A steady diet of country racing has resulted in five-year-old State My Case becoming stronger, and she repaid Byford trainer Peter Anderson for his astute planning when she caused a surprise in winning the $35,000 Garrard’s Horse And Hound Race For Roses, a stand over 2503m at Gloucester Park on Friday night.
Anderson also made sure he arrived early for the 2022 APG Perth yearling sale because he had set his sights on buying the opening lot, a Rock N Roll World filly bred by the Allwood Stud. He outlaid $22,500 to purchase the filly, who is raced by his wife Amanda and Ross Waddell.
“I liked the filly’s dam Adda My Way, and I wanted to get her fourth foal,” said Anderson. “State My Case has gone through the country grades, and she has improved with racing and has come back this year much stronger.”
State My Case has raced on ten country tracks --- Narrogin, Wagin, Albany, Williams, Collie, Busselton, Bunbury, Pinjarra, Kellerberrin and Northam --- and she now has earned $96,525 from nine wins and 22 placings from 76 starts, and has surpassed the deeds of Adda My Way, who had 47 starts for seven wins, ten placings and $32,968.
Adda My Way’s only Gloucester Park win was when Shannon Suvajko trained and drove her to victory on April 19, 2012. Suvaljko was in the sulky for Friday night’s win when State My Case began from 10m and raced in fourth spot in the Indian file affair before gaining an ideal passage in the one-out and two-back position.
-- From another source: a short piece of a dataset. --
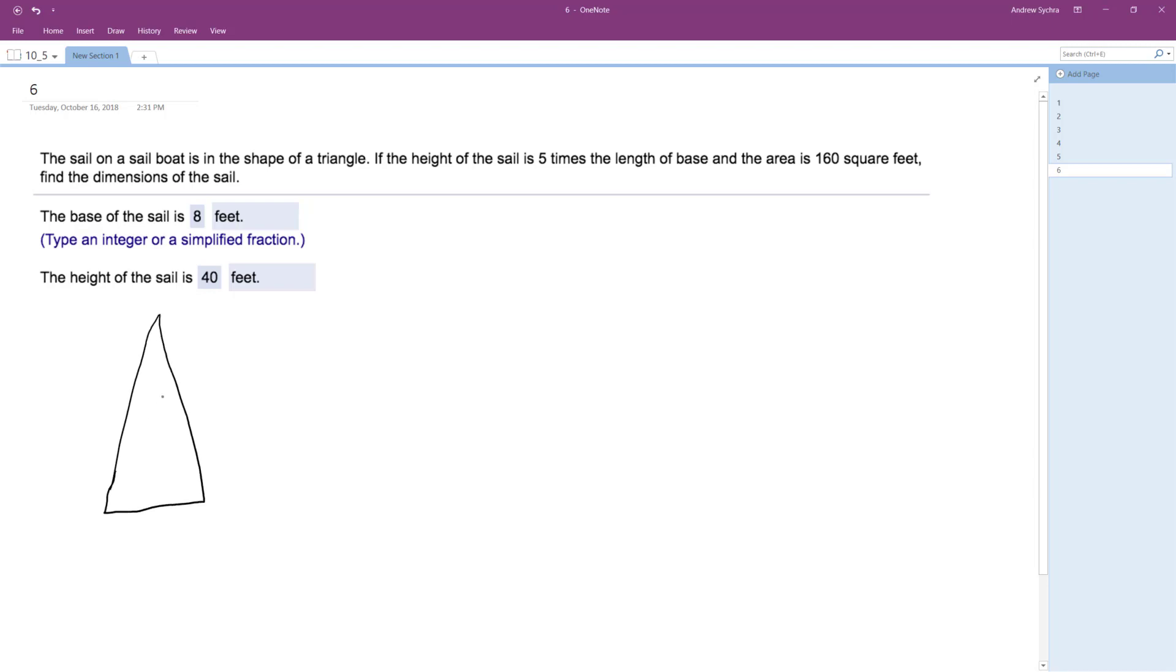It's five times its length, so x, and then this is equal to 5x, the height. Find the area, and the area is 160, find the dimensions of the sail.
State My Case, a $23.40 chance, sprinted strongly to get to the front with 250m to travel before winning by two and a half lengths from Diamond World ($14), with $8 chance Paroquet a close third after working in the breeze outside the pacemaker Minor Catastrophe ($5) for much of the way before getting to the front in the final circuit.
State My Case is related to former star performer Rich And Spoilt (42 starts for 20 wins, 14 placings and $301,630) and is a half-sister to Antero, who won four metro-class events in 2021 and was retired after earning $130,930 from 13 wins and 25 placings from 71 starts.
Brilliant mare Penny Black, the winner of the 2025 Race For Roses, was the $2.20 favourite from the back mark of 70 metres on Friday night when she found the handicap was too difficult to overcome. She raced at the rear and battled on gamely, out wide, to finish fifth.
“Penny Black was handicapped out of it,” said her driver Emily Suvaljko. “Running those times off the front made it an impossible task.”